Suivie des trois autres, elle se mit en marche en direction de son jardin d’hiver, s’installa dans son fauteuil douillet et attendit qu’on la serve. Quand ce fut fait, elle but tranquillement et soupira :
— Ah, j’en avais besoin ! Où est passée la réputation d’hospitalité des hacienderos mexicains ? Cette femme ne m’a seulement pas offert un verre d’eau…
— Ne me faites pas rire, grogna son neveu. Vous n’en auriez pas voulu ! En outre, elle a dû se demander ce que vous veniez faire chez elle ?
— Essayer d’en savoir un peu plus ! J’espérais qu’un face-à-face, sans témoins, entre…
— Grandes dames ? suggéra Aldo, caustique.

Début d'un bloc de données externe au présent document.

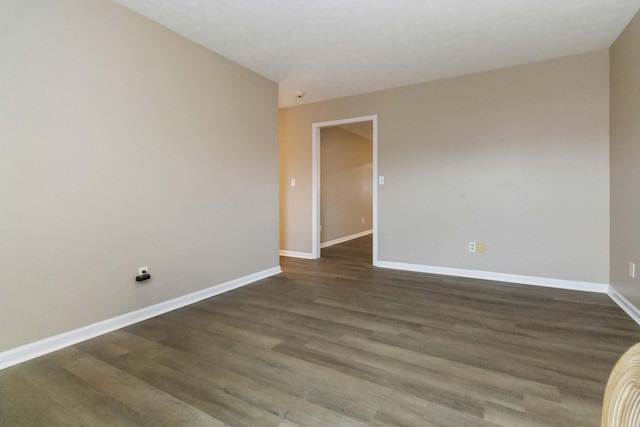 empty room with dark hardwood / wood-style flooring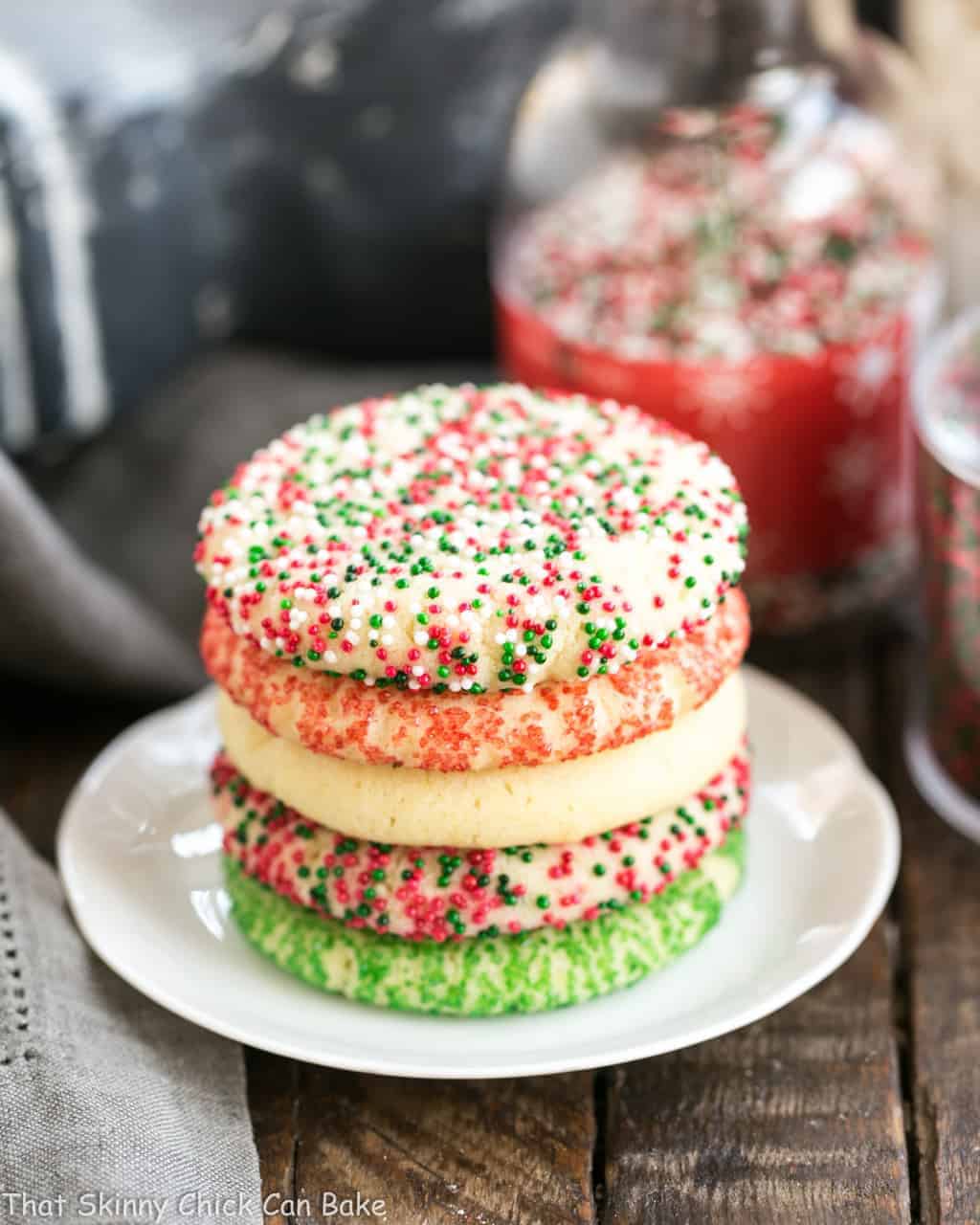 Old-Fashioned Amish Sugar Cookies stacked on a white plate.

— Justement ! Car c’en est une, figure-toi ! Et authentique, j’en ai la certitude… même si son style n’a rien à voir avec l’idée qu’en Europe nous nous faisons de l’espèce. D’ailleurs, si elle porte un grand nom espagnol, je jurerais qu’il y a en elle du sang de Montezuma ou je ne sais quel empereur aztèque. Elle m’a dit qu’elle et les siens descendaient du soleil et elle se réfère davantage « aux dieux » qu’à Notre-Seigneur Jésus-Christ ! À présent, prenez un verre, asseyez-vous et écoutez-moi. Tiens, débarrasse-moi de ça ! ajouta-t-elle en tendant à son neveu le billet déplié. Romuald vient de me le remettre. Tu peux dire adieu à tes Guardi !
— Une grande dame, hein ?
— Cela ne change rien. Je la vois mal jouer les déménageurs !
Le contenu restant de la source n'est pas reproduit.